Las armas que ofrecen tienen poderes casi mágicos, pero se venden con la condición de que sólo sean usadas en defensa propia. La red de tiendas, que se burla del poder imperial, ha sido creada por un hombre que se ha vuelto inmortal tras desplazarse entre el remoto pasado y el lejano futuro, y cumple el papel de un árbitro del poder.
Para darle un toque realista a la historia, la corporación de armeros también se ha corrompido y aspira a conquistar el poder, pero el precario equilibrio de fuerzas garantiza que ni ella ni el imperio se excedan demasiado. De paso es un buen escenario para tejer movidas aventuras.
El mundo de las armerías es mucho más ingenuo que el de Heinlein, y el papel que en él desempeñan sus armas por lo general no pasa de la intimidación.
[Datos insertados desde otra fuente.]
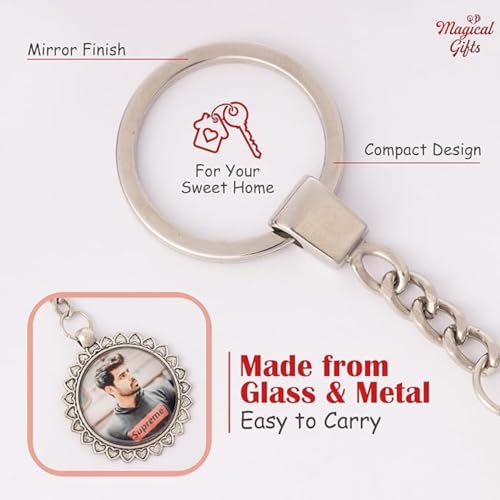 Image of magical gifts Customized Keychains, Unique Personalized Key RIngs and Charms with Your Photos /Name /Design for Bags /Bikes /Car and Gifting Purposes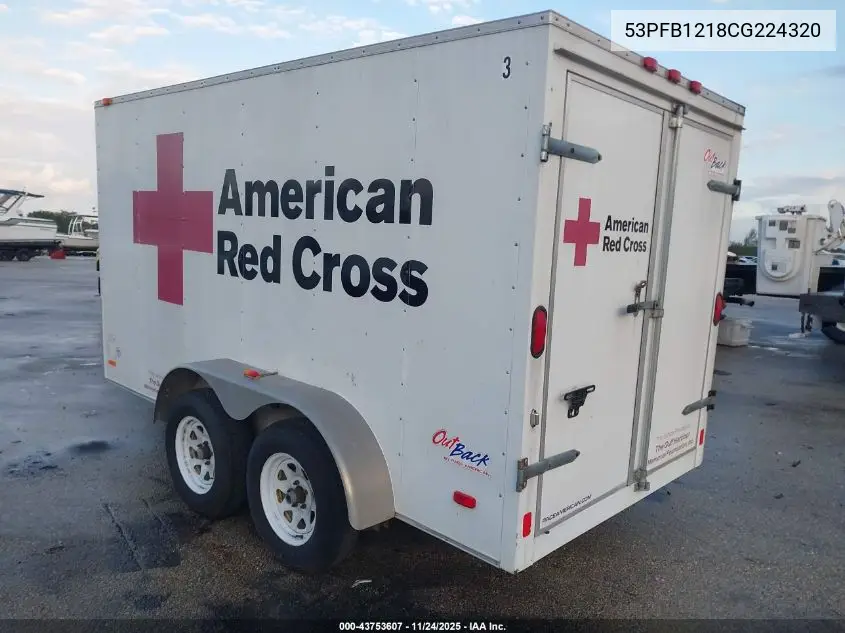 53PFB1218CG224320 2011 Pace Enclosedtrailer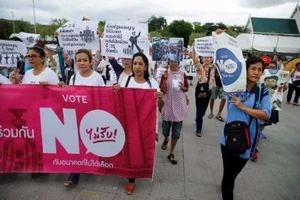 Thái Lan sắp trưng cầu dân ý hiến pháp 'thân quân đội'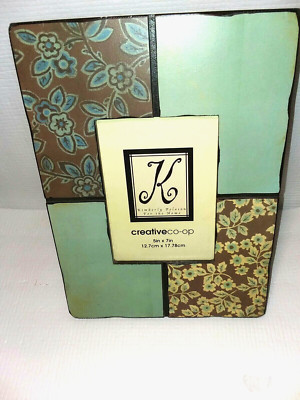Creative Co-op 2009 Kimberly Poloson Decorative Picture Frame For 5X7 Photo-image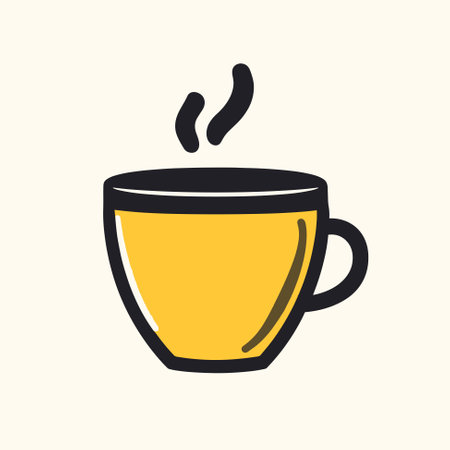 Coffee cup icon. Cup a coffee icon vector.のイラスト素材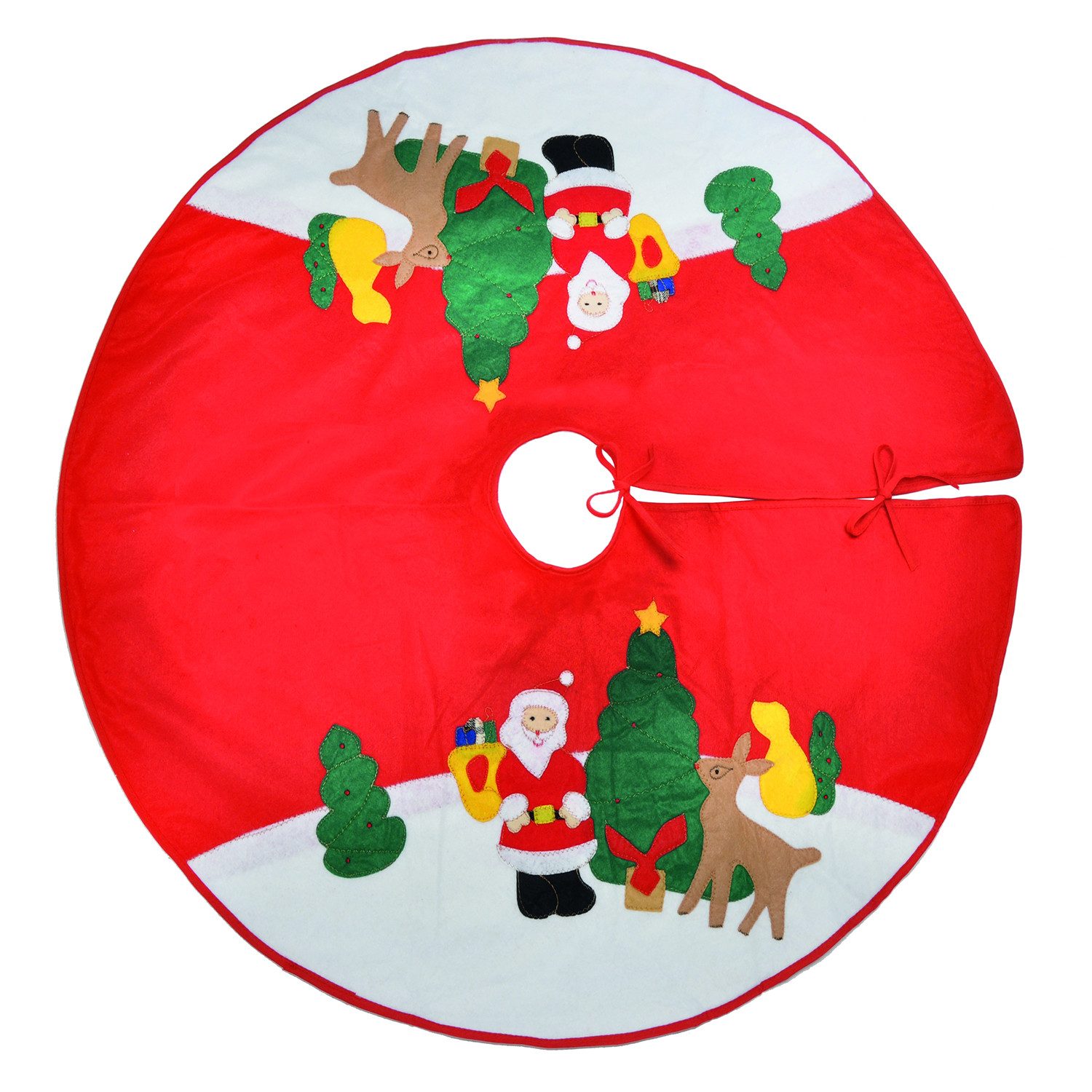 Mojawo Weihnachtsbaumklammer Christbaumdecke Weihnachtsdecke Baumdecke Decke rund mit Motiv Ø100cm
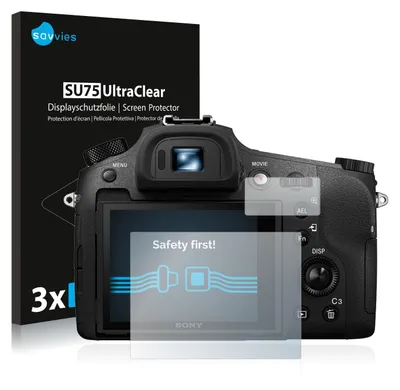 Produktbild von 6x Für Sony Cyber-Shot DSC-RX10 III Schutzfolie Savvies Displayschutz Display Schutz Folie Klar Transparent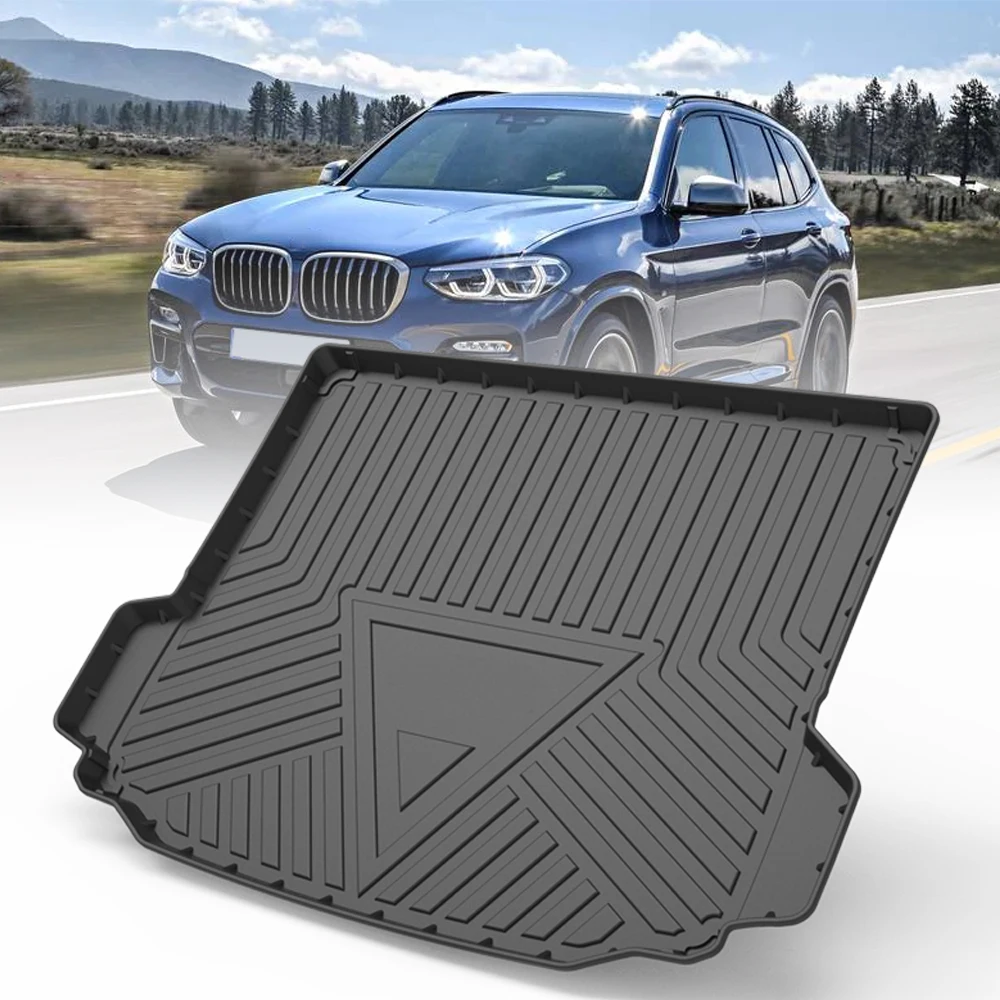 TPE Car Rear Trunk Mat Storage Box Pad For BMW X3 IX3 2018 2019 2020 2021 2022 Waterproof Protective Rubber Car Mats 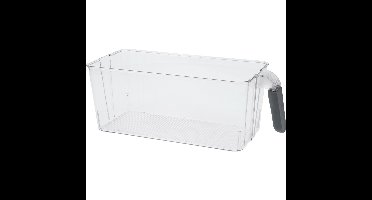 Koelkast/keuken organizer bak - transparant - kunststof - L30 x B13 x H11 cm - groente lade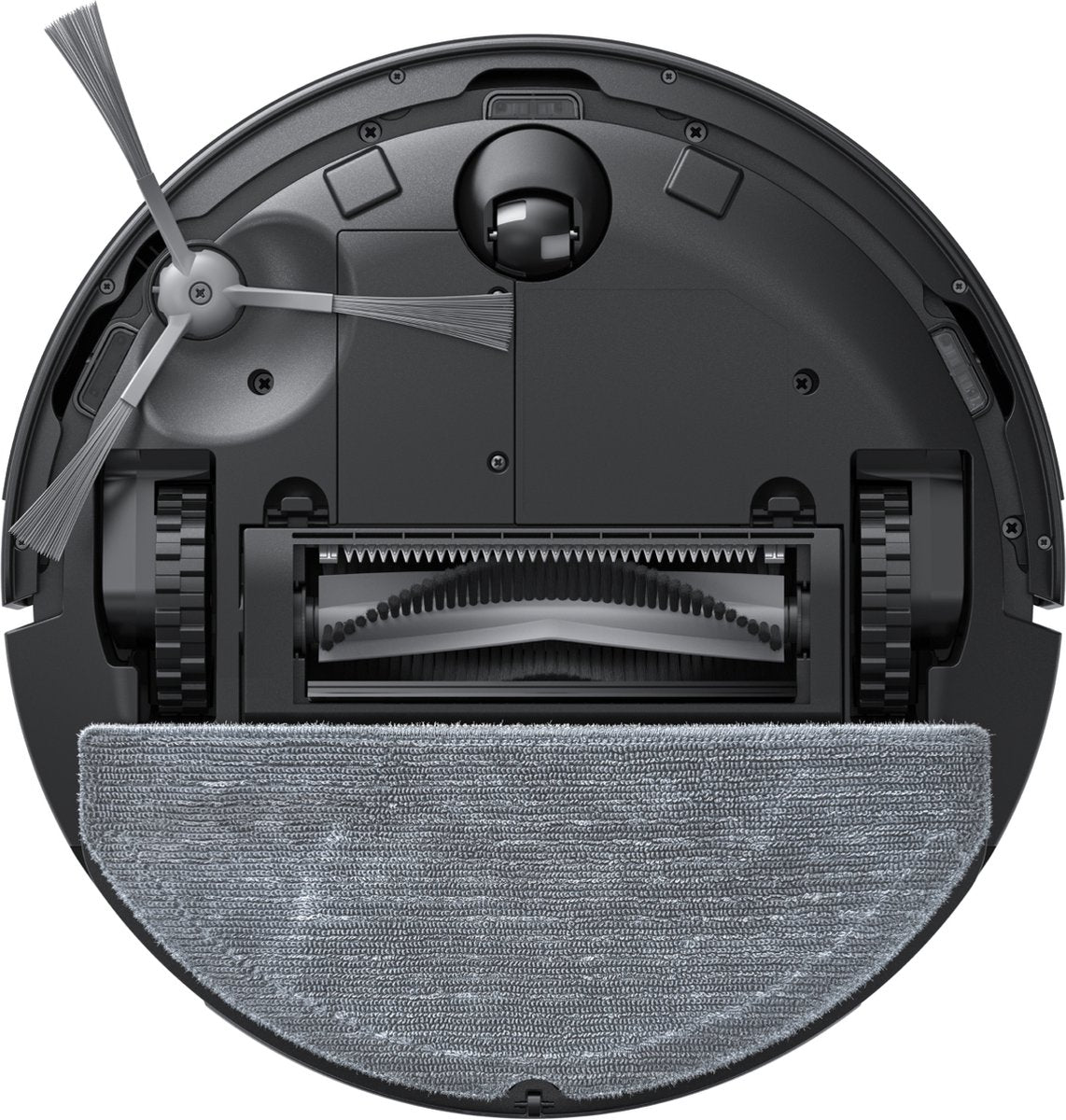 eufy Clean G50 Hybrid Robotstofzuiger met dweilfunctie - Robot Vacuum - 4.000 Pa Zuigkracht, Dynamische Navigatie, Pro-ontwarrende Kam, Rolborstel, Dweilpad voor lichte reiniging, Ideaal voor huisdierhaar, Harde vloeren en tapijt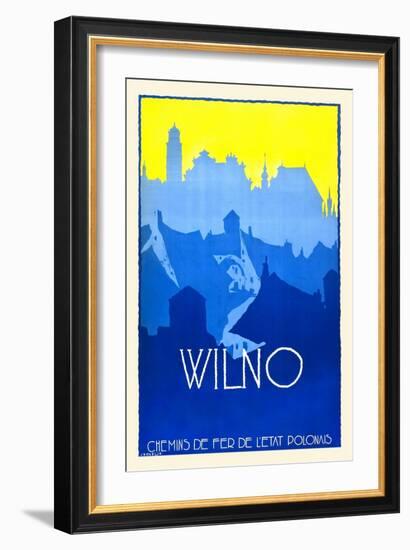 Wilno (Vilnius)-Stefan Norblin-Framed Art Print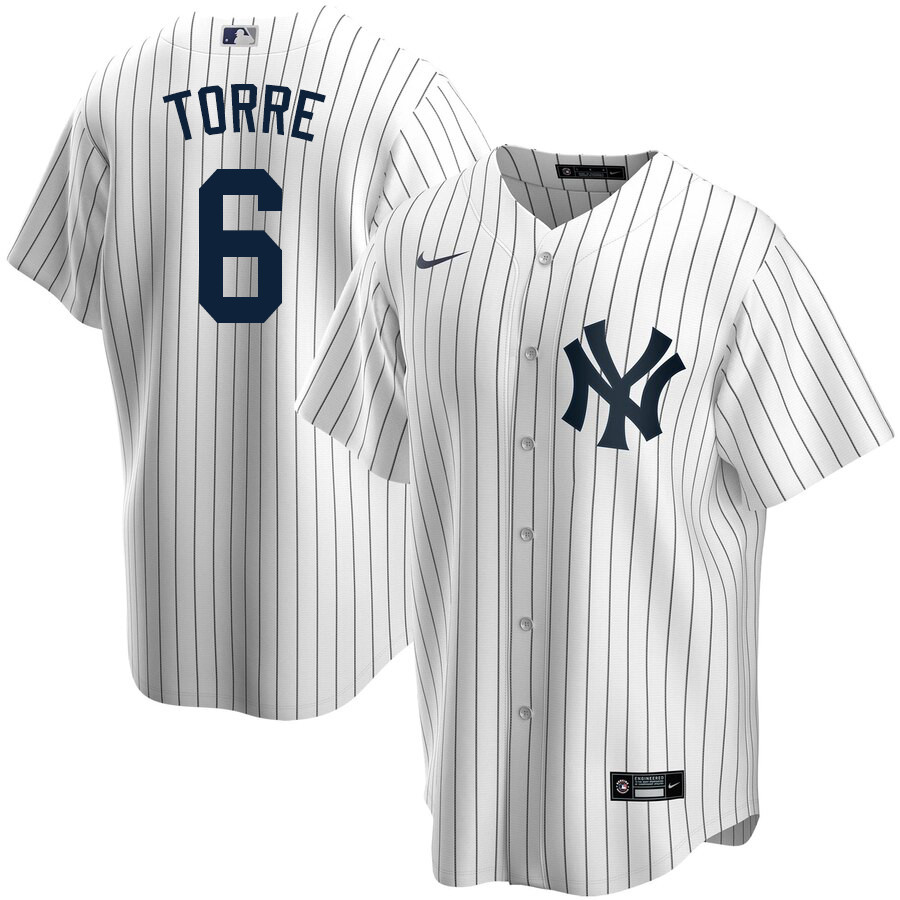 2020 Nike Men #6 Joe Torre New York Yankees Baseball Jerseys Sale-White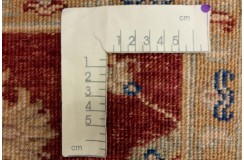 Dywan Afghan Chobi Ziegler 100% wełna kamienowana ręcznie tkany luksusowy 121x185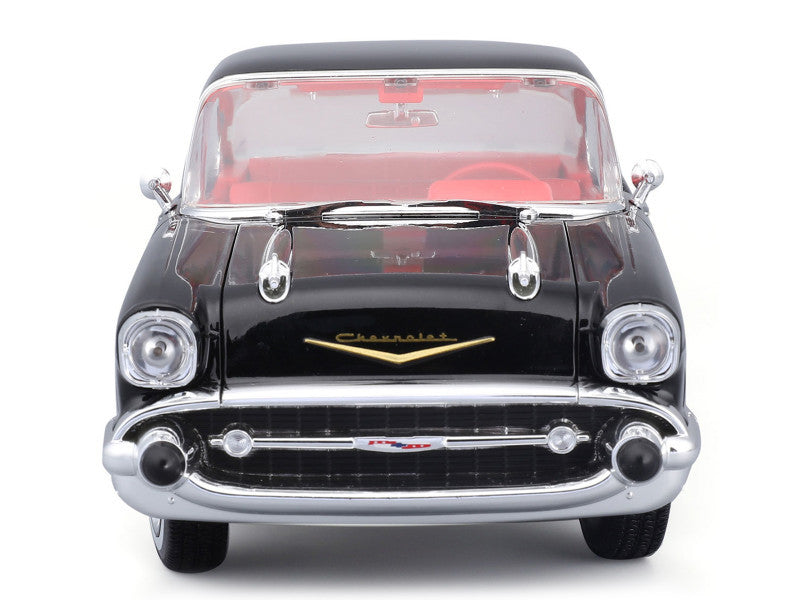 Maisto 1957 Chevrolet Bel Air Coupe - Black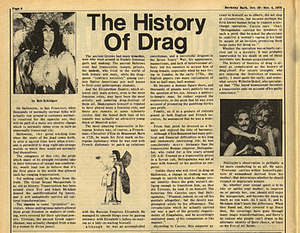 The History of Drag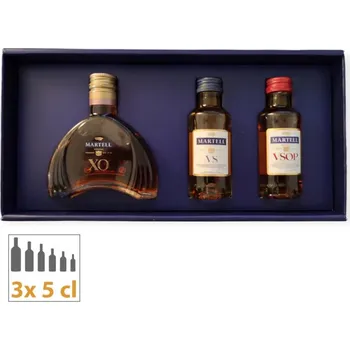 Brandy Sada 3x miniatura Martell 40% 3x 0,05l (dárkový set)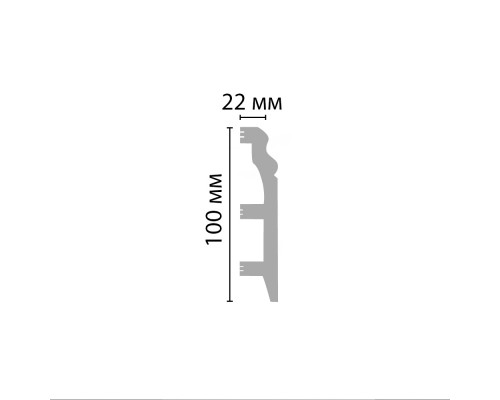 Плинтус напольный DECOMASTER D232-16ДМ (100*22*2400мм)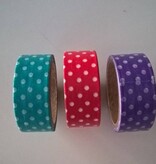 Washi tape bolletjes motief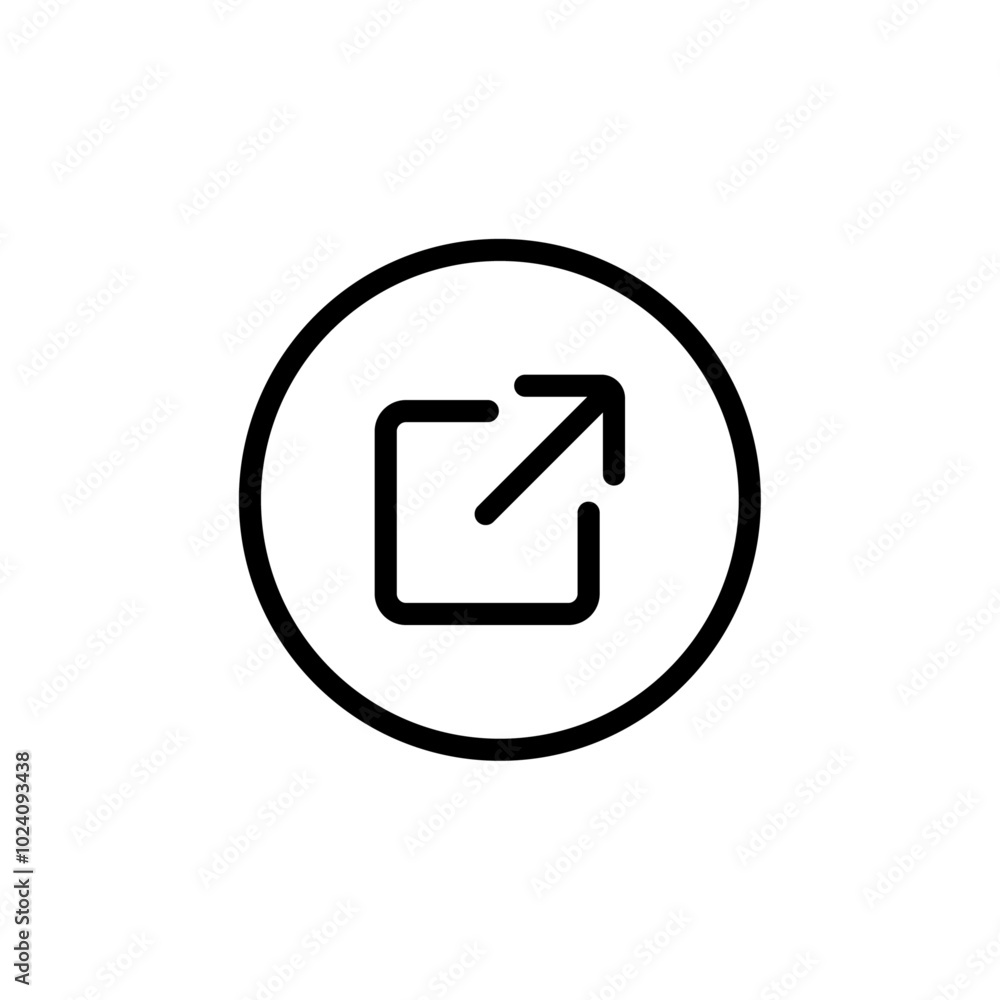 External link icon Outline vector for web ui External link icon Outline vector for web ui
No sabemos si ésta era la intención del autor, pero el hecho es que nadie lo objetó como a Heinlein. Sin embargo, con el tiempo parece haberse incorporado a la ley del Colt. El slogan “el derecho a poseer armas es el derecho a ser libre” suele ser invocado por los partidarios de la Asociación Nacional del Rifle. Recientemente, algunos círculos anarquistas aplaudieron la aparición de Wikileaks y sus escraches informáticos, comparándola con las armerías de Van Vogt.
Quizás haya que recordar que a las armas las carga el diablo. Las víctimas lo saben, pero ellas no están en condiciones de opinar.